**Exercise data:**
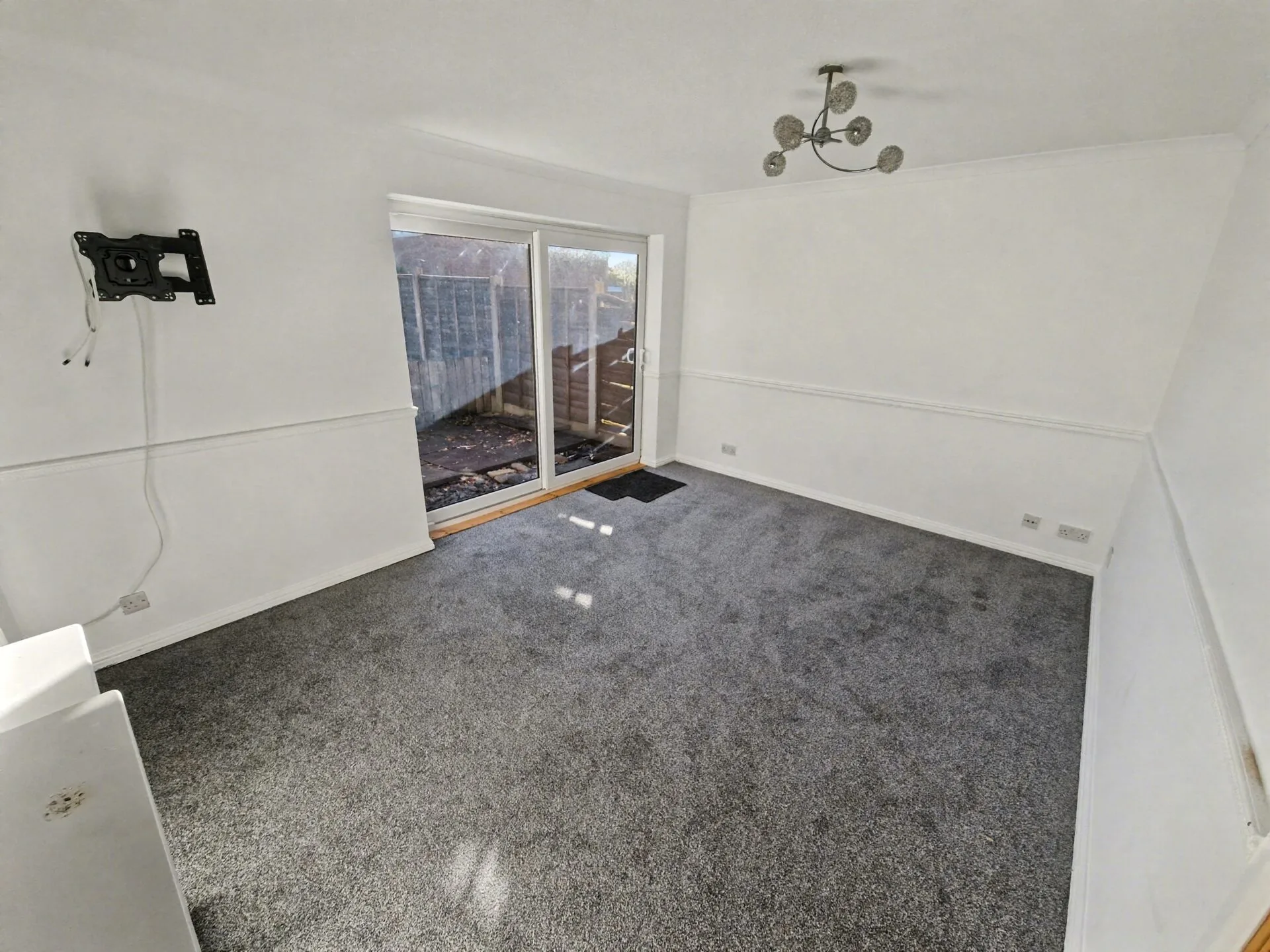 Flat Solent Drive in Farnworth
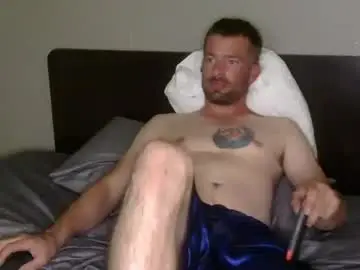 Chaturbate Nude Webcam of redheadlover828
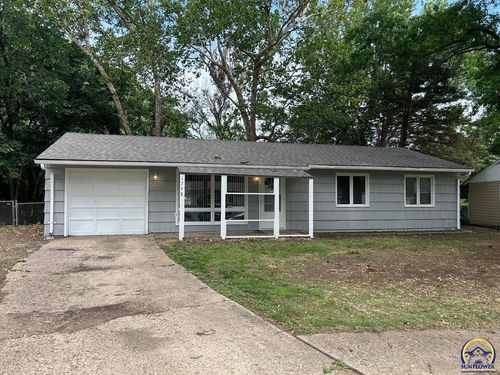 1748 Se 29th Ter, Topeka, KS, 66605-2543 | Card Image
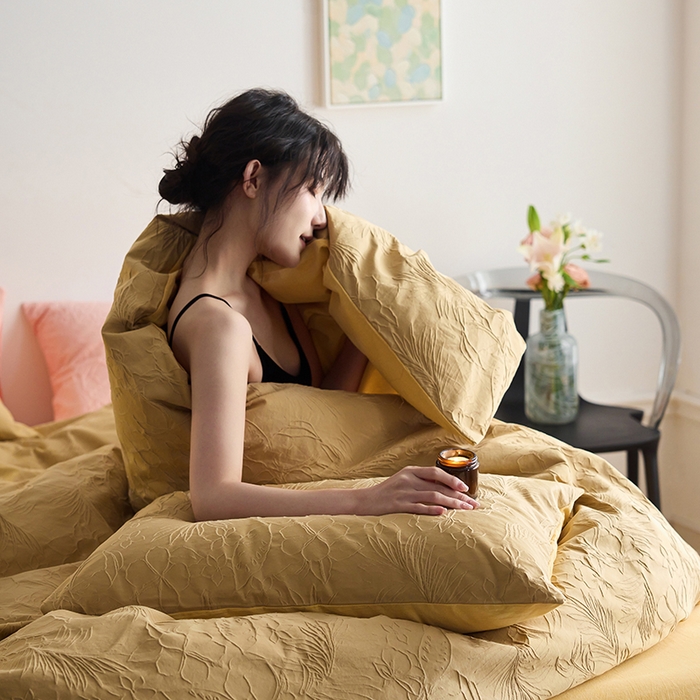 91家纺网 家纺一手货源 找家纺 2025春夏新品染色水洗大提花四件套 小银勾-驼黄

**What the exercise asks:** Apart from its pictures, the data is to be repeated exactly.

**Your response:**
 Flat Solent Drive in Farnworth
 Chaturbate Nude Webcam of redheadlover828
 1748 Se 29th Ter, Topeka, KS, 66605-2543 | Card Image
 91家纺网 家纺一手货源 找家纺 2025春夏新品染色水洗大提花四件套 小银勾-驼黄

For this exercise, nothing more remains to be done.